Haha Ubisoft, now remove the protection from you 'retail' discs please


----------



## iNFiNiTE (Jul 20, 2008)

LOL
Many more would like to *try* out the game now Ubisoft had done this ...with the (ahem) official patch.


----------



## Sukhdeep Singh (Jul 20, 2008)

Those kids at RELOADED might have their FUTURE secured with job offers at UBISOFT


----------



## NucleusKore (Jul 20, 2008)

*farm3.static.flickr.com/2180/2122604477_1f3f245df7_o.png

It's a wild wild world. Imagine using a pirate patch to fix an original game. Shame on you Ubisoft.


----------



## MetalheadGautham (Jul 20, 2008)

Sukhdeep Singh said:


> Those kids at RELOADED might have their FUTURE secured with job offers at UBISOFT



more like they must be laughing their a$$es off at UbiSoft's actions.


----------



## ajaybc (Jul 20, 2008)

ROFL...lol


----------



## dheeraj_kumar (Jul 20, 2008)

Lol!!! Reloaded can now re-release the game with a "Ubisoft Certified" logo!  for MOAR publicity!!!


----------



## BBThumbHealer (Jul 20, 2008)

ROFL


----------



## MasterMinds (Jul 20, 2008)

hu ha ha ah huuh aaa hhaaa


----------



## nvidia (Jul 20, 2008)




----------



## krates (Jul 20, 2008)

wtf

developers at ubisoft are not that smart as that of reloaded


----------



## Krazzy Warrior (Jul 20, 2008)

FOCl


----------



## skippednote (Jul 20, 2008)

Lol they r so foolish


----------



## nish_higher (Jul 20, 2008)

So now ubisoft is n00b Of The Year and reloaded teh g33k

even this update/patch/crack/whatever doesn't fix some issues like freeze ups in SLi


----------



## confused!! (Jul 20, 2008)




----------



## x3060 (Jul 20, 2008)

which means that the game i have is an original one .....


----------



## phreak0ut (Jul 21, 2008)

x3060 said:


> which means that the game i have is an original one .....



You beat me to this  I still don't own the game.
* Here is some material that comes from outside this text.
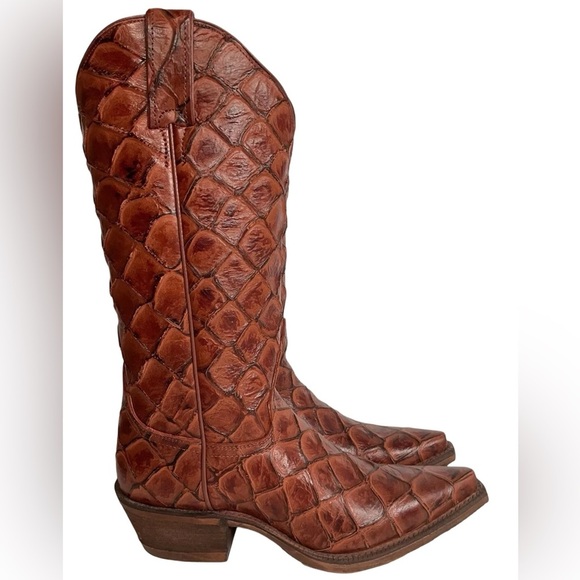 Nocona Bessie Full Pirarucu Print Cowboy boots size 9 - Picture 5 of 8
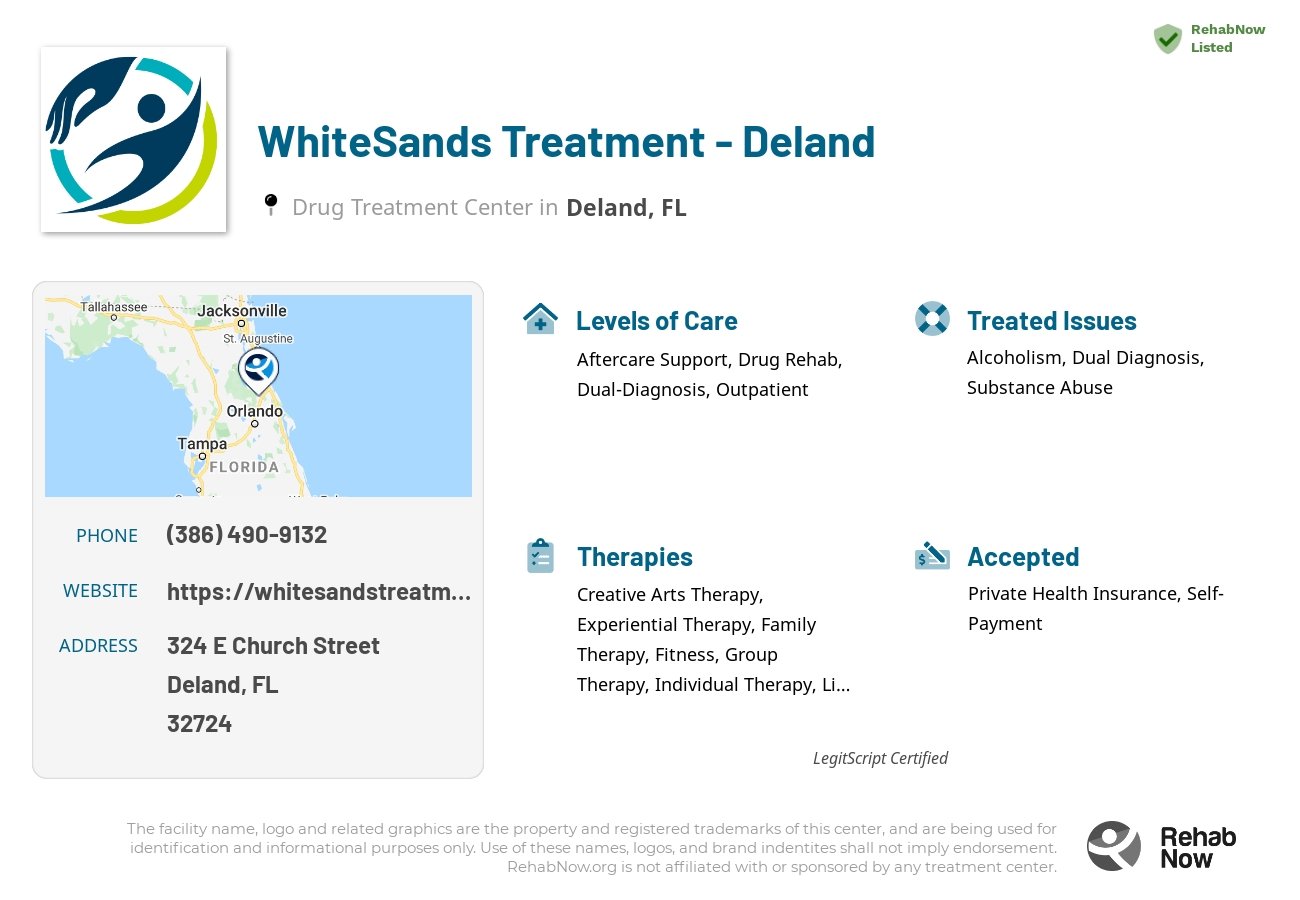 Helpful reference information for WhiteSands Treatment - Deland, a drug treatment center in Florida located at: 324 E Church Street, Suite 110, Deland, FL, 32724, including phone numbers, official website, and more. Listed briefly is an overview of Levels of Care, Therapies Offered, Issues Treated, and accepted forms of Payment Methods.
So, I'll have an original one too, soon


----------



## Faun (Jul 21, 2008)

I wouldn't even care about playin this after watching MGS 4

Did i mentions the beauties there  and some facecamo


----------



## afonofa (Jul 21, 2008)

or maybe ubisoft and reloaded are the same!!


----------



## adi007 (Jul 21, 2008)

ROFL.... *img116.exs.cx/img116/1231/z7shysterical.gif


----------



## Zangetsu (Jul 21, 2008)

Amazing  =)) 

i don't think other companies follow this method such as EA.Eidos etc


----------



## nitish_mythology (Jul 21, 2008)

LOLz..
Why to even release a patch?? They could have linked the official site to the pirated patchers.


----------